Marsolek described the process she uses in preparing a damage estimate, which includes a personal inspection of the vehicle, taking photographs, and notation of any prior damage. Marsolek then prepares a Vehicle Inspection Report which lists all the options on the vehicle, the overall condition of the vehicle, and any prior damage. Marsolek personally enters the relevant data about the vehicle into the electronic estimating system, which system performs the mathematical equations and arrives at the estimate of damage. In the event that the vehicle is a total loss, the system determines the fair market value. Marsolek testified that the Audatex estimating system is a computerized system which generates information that was previously done by hand.

In determining the fair market value of a vehicle that is a total loss, Marsolek stated that most of the time "they" use the NADA book, which takes into consideration the geographic area where the vehicle is located, something according to Marsolek that the Kelly Blue Book does not do. Marsolek looked at the NADA book when working on the evaluation of the Ranger in this case and indicated that the valuation prepared by AutoSource was actually a little higher than that shown in the book. Marsolek considers the NADA a reliable source.

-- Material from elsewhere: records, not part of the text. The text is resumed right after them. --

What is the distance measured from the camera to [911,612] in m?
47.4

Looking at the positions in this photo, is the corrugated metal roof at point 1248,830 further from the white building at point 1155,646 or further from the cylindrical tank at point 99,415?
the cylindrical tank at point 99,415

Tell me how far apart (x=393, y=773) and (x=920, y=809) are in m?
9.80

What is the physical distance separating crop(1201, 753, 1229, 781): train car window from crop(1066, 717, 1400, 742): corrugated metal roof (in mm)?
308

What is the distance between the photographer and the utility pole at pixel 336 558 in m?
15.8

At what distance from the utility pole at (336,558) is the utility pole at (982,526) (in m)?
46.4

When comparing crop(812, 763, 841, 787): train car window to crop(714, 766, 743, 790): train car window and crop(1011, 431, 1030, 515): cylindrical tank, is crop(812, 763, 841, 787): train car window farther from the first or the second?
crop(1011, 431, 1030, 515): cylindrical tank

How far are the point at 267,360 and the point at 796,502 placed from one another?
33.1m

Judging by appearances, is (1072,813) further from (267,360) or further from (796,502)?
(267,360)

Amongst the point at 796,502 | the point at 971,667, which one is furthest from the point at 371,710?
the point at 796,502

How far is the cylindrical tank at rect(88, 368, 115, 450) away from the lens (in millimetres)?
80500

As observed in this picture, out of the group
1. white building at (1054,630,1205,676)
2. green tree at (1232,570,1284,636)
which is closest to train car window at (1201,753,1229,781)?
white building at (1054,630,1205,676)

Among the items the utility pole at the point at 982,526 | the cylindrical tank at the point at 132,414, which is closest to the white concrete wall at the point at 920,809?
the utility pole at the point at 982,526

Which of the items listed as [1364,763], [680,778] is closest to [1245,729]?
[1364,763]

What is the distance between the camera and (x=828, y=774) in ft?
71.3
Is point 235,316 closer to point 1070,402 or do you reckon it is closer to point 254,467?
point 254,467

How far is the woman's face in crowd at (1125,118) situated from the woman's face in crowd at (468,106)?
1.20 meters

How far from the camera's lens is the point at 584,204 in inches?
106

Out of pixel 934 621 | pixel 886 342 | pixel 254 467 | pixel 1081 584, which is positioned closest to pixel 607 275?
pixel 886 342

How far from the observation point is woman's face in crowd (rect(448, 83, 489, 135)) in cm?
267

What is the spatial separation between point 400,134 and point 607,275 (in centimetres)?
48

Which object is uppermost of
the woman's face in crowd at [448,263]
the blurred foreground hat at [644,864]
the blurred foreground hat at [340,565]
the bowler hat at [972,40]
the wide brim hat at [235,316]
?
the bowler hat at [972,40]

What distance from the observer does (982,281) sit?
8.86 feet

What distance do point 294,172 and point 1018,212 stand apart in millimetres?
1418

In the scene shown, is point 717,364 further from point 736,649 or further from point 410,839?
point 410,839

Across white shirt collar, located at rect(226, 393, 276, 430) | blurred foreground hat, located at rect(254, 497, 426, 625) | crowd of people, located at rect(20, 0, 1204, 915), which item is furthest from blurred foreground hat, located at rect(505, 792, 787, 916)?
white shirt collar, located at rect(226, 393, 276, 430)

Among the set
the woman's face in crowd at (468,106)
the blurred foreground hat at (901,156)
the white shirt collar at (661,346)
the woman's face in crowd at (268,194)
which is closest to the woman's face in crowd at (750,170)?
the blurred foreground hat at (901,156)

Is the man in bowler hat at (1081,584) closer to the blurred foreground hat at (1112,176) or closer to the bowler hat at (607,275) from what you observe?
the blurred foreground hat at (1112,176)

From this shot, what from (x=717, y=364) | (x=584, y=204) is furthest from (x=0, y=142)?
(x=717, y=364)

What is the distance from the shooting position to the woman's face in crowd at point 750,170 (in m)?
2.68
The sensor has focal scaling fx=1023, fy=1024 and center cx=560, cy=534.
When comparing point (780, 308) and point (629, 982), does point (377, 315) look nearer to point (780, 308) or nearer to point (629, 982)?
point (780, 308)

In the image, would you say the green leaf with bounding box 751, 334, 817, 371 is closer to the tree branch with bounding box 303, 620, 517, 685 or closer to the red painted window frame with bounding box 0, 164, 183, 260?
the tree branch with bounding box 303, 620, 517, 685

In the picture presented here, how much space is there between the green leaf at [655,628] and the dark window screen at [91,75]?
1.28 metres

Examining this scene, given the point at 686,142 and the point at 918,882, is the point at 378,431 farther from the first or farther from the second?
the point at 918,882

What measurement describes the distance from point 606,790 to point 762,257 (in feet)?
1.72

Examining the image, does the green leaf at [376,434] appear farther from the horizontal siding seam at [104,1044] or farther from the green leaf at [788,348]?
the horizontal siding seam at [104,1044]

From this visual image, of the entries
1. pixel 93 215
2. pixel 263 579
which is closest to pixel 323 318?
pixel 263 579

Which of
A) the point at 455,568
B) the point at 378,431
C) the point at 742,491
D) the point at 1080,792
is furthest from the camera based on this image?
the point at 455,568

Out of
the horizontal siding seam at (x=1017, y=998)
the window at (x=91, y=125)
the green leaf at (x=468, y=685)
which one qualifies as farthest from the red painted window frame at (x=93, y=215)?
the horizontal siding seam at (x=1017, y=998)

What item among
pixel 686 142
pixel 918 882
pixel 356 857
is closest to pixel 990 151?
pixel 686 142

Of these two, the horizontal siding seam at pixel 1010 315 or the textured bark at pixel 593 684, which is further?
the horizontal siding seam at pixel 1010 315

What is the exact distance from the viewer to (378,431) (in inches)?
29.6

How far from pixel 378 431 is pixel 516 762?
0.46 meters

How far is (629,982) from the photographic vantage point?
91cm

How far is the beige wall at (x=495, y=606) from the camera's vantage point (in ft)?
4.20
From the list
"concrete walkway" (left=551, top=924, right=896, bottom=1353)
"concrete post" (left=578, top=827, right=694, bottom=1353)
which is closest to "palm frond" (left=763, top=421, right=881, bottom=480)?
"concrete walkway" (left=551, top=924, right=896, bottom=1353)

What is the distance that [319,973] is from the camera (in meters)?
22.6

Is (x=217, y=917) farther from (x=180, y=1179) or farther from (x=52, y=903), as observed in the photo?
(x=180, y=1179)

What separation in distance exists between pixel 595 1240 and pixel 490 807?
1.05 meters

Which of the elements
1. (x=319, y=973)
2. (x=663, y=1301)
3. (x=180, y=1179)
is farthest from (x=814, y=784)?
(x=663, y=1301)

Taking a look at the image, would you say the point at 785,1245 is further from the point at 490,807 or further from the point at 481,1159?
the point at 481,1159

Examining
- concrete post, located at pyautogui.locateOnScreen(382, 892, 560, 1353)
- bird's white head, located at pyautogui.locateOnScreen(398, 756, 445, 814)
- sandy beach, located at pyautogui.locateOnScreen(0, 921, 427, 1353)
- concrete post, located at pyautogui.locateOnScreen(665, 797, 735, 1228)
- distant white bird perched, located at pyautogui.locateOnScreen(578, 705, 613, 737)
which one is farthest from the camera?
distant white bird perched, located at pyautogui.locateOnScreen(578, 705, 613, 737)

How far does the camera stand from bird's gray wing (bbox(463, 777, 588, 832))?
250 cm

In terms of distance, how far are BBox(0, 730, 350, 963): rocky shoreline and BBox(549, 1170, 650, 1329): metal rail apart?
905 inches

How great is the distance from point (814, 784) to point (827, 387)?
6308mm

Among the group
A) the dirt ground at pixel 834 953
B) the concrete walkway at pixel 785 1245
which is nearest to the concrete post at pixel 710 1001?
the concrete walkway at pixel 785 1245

In valuing the Ranger, Marsolek inspected it in person and noted certain damage not caused by the accident. Such other damage included damage to the hood, along with hail and rust damage. Marsolek testified that the hail damage does not show up in the photographs of theRanger and that hail damage is often difficult to see. She also indicated that some of the rust she observed on the Ranger is not shown in the photographs. During her inspection of the Ranger, Marsolek prepared a Vehicle Inspection Report using the Audatex program, which was marked as exhibit 9. Exhibit 9 is a preprinted report, dated July 6, 2011, showing various attributes for Blankenbecler's Ranger, noting and valuing prior damage, and determining that the damage to the vehicle from the accident resulted in a total loss. Marsolek testified that the report contains the vehicle information she obtained during her inspection, that it is the regular practice of her company to create such records when a vehicle is a total loss, and that such records are kept in the ordinary course of her company's regularly conducted business activity. Marsolek testified that the report contained information she relied upon at least in part in determining her opinion as to the Ranger's fair market value. The district court admitted exhibit 9 into evidence over Blankenbecler's foundation, hearsay, and relevance objections.

After performing her inspection and preparing the Vehicle Inspection Report, Marsolek obtained a valuation of the Ranger through the...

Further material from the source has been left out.